# my opinions on the BIG cat tourneys



## tcba1987 (Jun 22, 2004)

that tournament is so loaded with dishonest people , i would never fish it. i think jim is a great person and tries to run a good tournament, but i know there are dishonest people fishing in them tourneys. i was fishing one saturday night and watched 2 men in a boat running droplines in the stillwater creek and then watched jims weigh in the next morning the same guys won or took second the next morning, they had a large metal cage that they were sticking their cats in. those tournaments are supposed to be rod n reel only right??? these fish were not caught on rod n reel i guarantee that !! i THINK there are probably several other guys who do the same thing, i find it hard to believe that the same guys win the tournaments every month, eveybody has a bad day once in awhile right?? thats WAY TO MUCH MONEY on the line out there to expect people to be honest. thats why i stick to low entry fees in my tourneys , to try to keep it fun and fish more for the fun then the cash. heck, id fish tournaments that are for free , i fish to compete with other guys and have a good time. 

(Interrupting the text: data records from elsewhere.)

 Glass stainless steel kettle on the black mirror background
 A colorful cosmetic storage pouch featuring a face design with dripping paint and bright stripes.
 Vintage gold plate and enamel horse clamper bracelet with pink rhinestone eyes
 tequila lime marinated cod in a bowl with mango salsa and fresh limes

THIS IS JUST MY THOUGHTS AND OPINIONS ON JIMS TOURNEYS, AND IS NO WAY MEANT TO TRASH ON JIM OR HIS TOURNAMENTS

BRIAN


----------



## M.Magis (Apr 5, 2004)

Why not discuss with Jim, rather than bring it up here?


----------



## rockbass (Apr 16, 2004)

I agree with M Magis!

I have talked to Jim, and like he told me, it is hard for him to say someone is cheating unless he catches them. The last tourney I fished, I placed third. My best showing so far. One of my fish, had a nastry cut on its side. It was like that when I pulled it from the water. I don't know if it was from the flooded bushes it swam into while I was fighting it or if it was like that before it was on my hook. The fish was alive and well. Just had a cut on it. Someone could have said I cheated and the cut was from being on a limb line in shallow water. Hell I even put in on a 15 foot stringer so it would not be too close to the flooded bushes and what not against the bank. I know I caught it fair and square, but if someone would have said otherwise, I would have gone off.

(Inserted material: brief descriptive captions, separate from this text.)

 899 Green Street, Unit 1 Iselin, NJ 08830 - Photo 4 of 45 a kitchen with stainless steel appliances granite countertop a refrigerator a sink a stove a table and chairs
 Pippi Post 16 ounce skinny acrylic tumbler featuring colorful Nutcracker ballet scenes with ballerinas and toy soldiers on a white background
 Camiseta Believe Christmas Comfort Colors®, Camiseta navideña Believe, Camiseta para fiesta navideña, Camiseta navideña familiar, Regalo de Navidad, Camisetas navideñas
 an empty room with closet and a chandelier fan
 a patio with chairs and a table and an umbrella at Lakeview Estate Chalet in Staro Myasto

That is why if the guys I know cheat were to try to enter a tourney I have, I will tell them no. I know my tourney's are small still and not a lot of money, but if I know you cheat, I will not let you in.

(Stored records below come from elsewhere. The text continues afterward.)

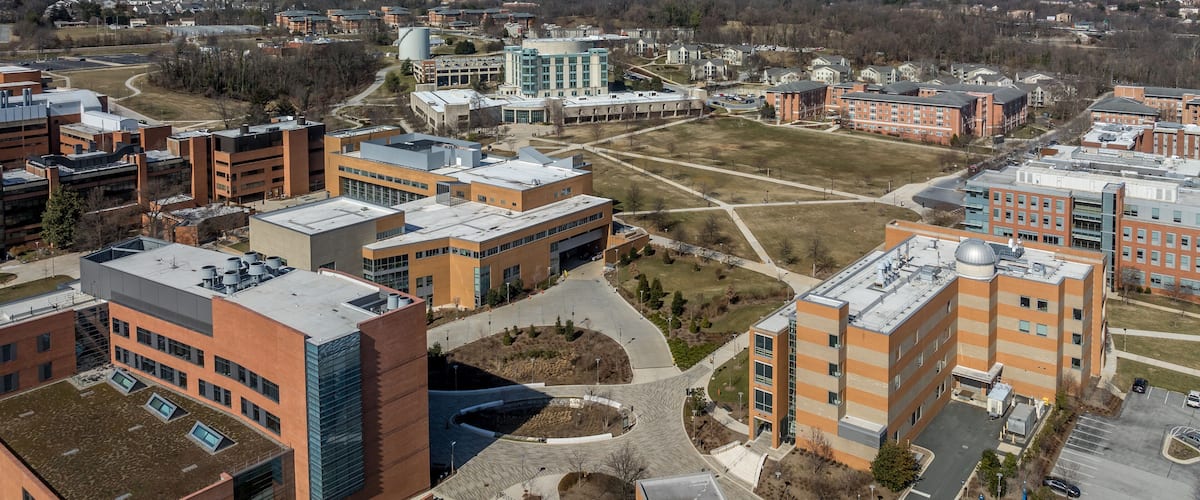 An aerial view of a university campus with modern buildings, green spaces, and a clear blue sky.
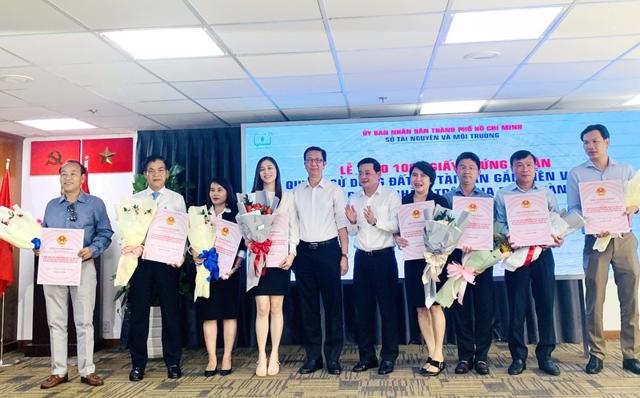 Đại diện doanh nghiệp l&ecirc;n nhận sổ "hồng tượng trưng" từ Gi&aacute;m đốc sở TN&amp;MT Nguyễn To&agrave;n Thắng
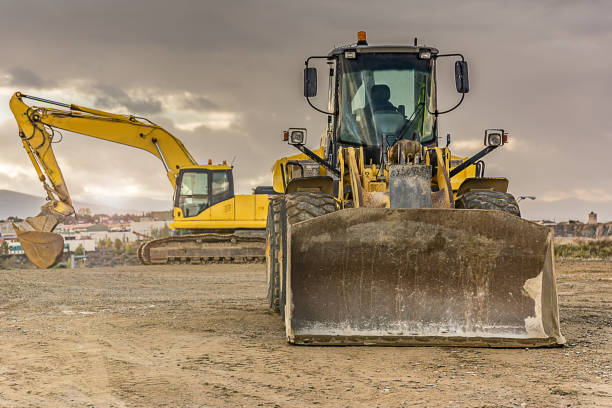 istock Outdoor quarry with heavy machinery 922814524
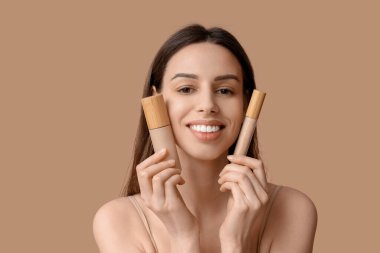 Portrait of beautiful young woman with foundation and concealer on brown background
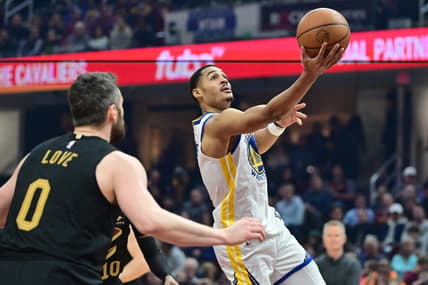 Jan 20, 2023; Cleveland, Ohio, USA; Golden State Warriors guard Jordan Poole (3) drives to the basket against the Cleveland Cavaliers during the first half at Rocket Mortgage FieldHouse. Mandatory Credit: Ken Blaze-USA TODAY Sports
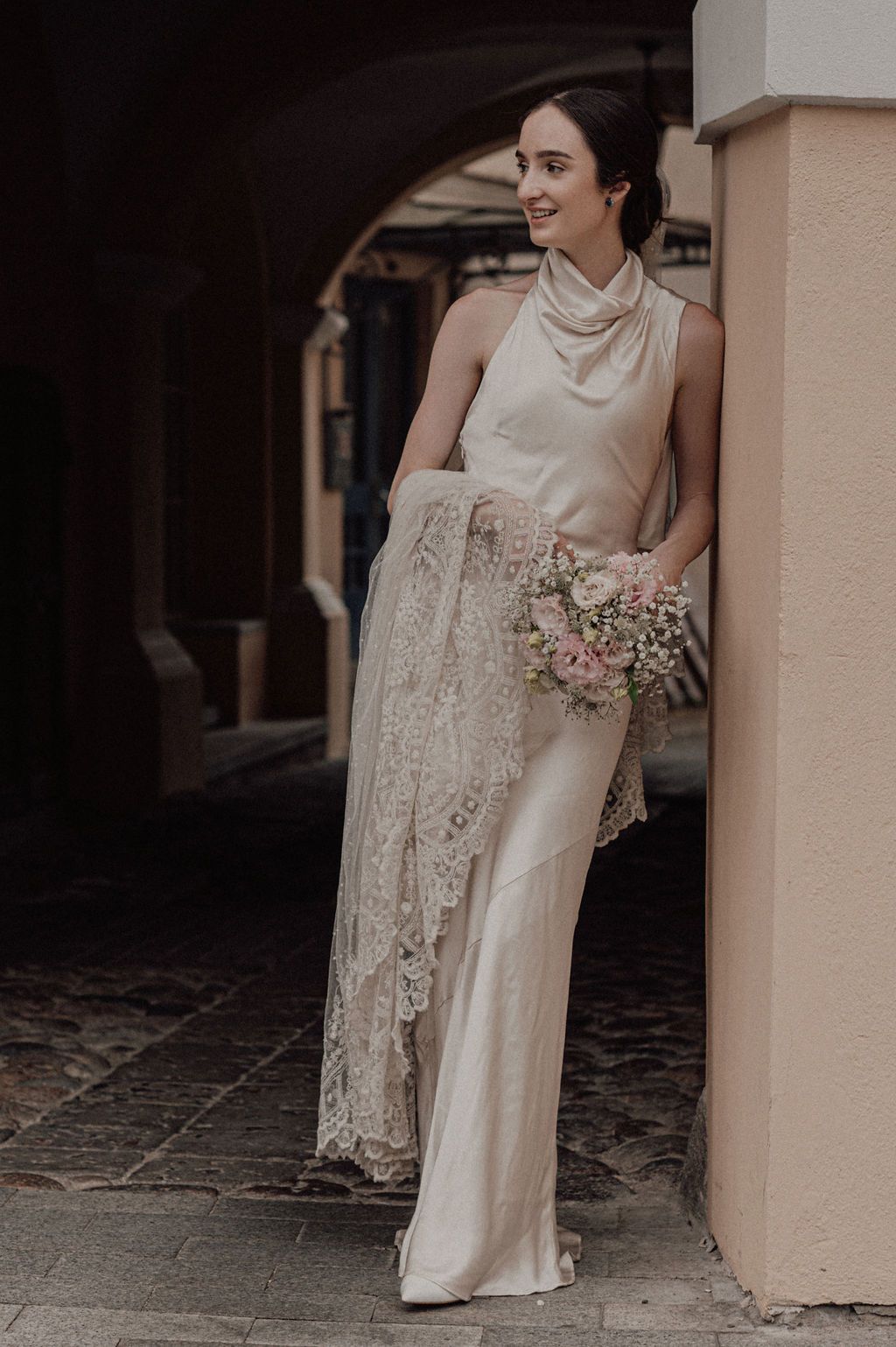 Elegant bride in a sleeveless satin halter gown holds a pink bouquet while leaning against a column in an archway.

I love to fish Jim's tourney's. It is not always the same guys winning. I mean there are some guys who are in the money most times, but I think it is more due to the group fishing together than a single guy cheating. The one's I know cheat are always in the money. They think they are sly, but people know they cheat. I mean when a guy is supposedly fishing the river and everyone else comes in dirty and he is clean, that looks suspicious. It is just catchig them is the prob. It would be hard to go on his property and look at his creek.


----------



## tcba1987 (Jun 22, 2004)

i was simply responding to some comments made on one of my posts about jims tournaments. like i said jim is a good guy and tries to run a fair tournament. those were my opinions only, not something to live or die by thats for sure. lol i just know of people who cheat and wouldnt go throw my money away fishing against guys who fish for 3 days in advance to beat me. I WOULD NEVER CHEAT BUT ARE YOU TELLING ME THAT YOU BELIEVE THAT NOONE WOULD. come on thats very naive. some guys live off of that money for a month!!
have fun keep fishing in them if you think that you can honestly beat guys who fish for 3 days to beat you. im just voicing my opinion , i thought thats what these message boards were for. FREEDOM OF SPEECH ITS THE AMERICAN WAY !!
 

WHEN YOU LET PEOPLE RUN ALL OVER THE STATE THERE IS NO WAY YOU WILL EVER CATCH THEM CHEATING.


----------



## M.Magis (Apr 5, 2004)

No one said that there weren't cheaters out there. But again, this is the wrong place to discuss it. ALL tournaments have cheaters from time to time, so it's unfair to single out Jim's tournament. If you know of people cheating, you need to point them out to him.


----------



## rockbass (Apr 16, 2004)

I agree Jim should not be singled out. I let Jim know about what I found out.


----------



## Onion (Apr 10, 2004)

As a point of interest:

The First Amendment of the US Constitution does not read:

OhioGameFishing.com shall make no law ... abridging the freedom of speech...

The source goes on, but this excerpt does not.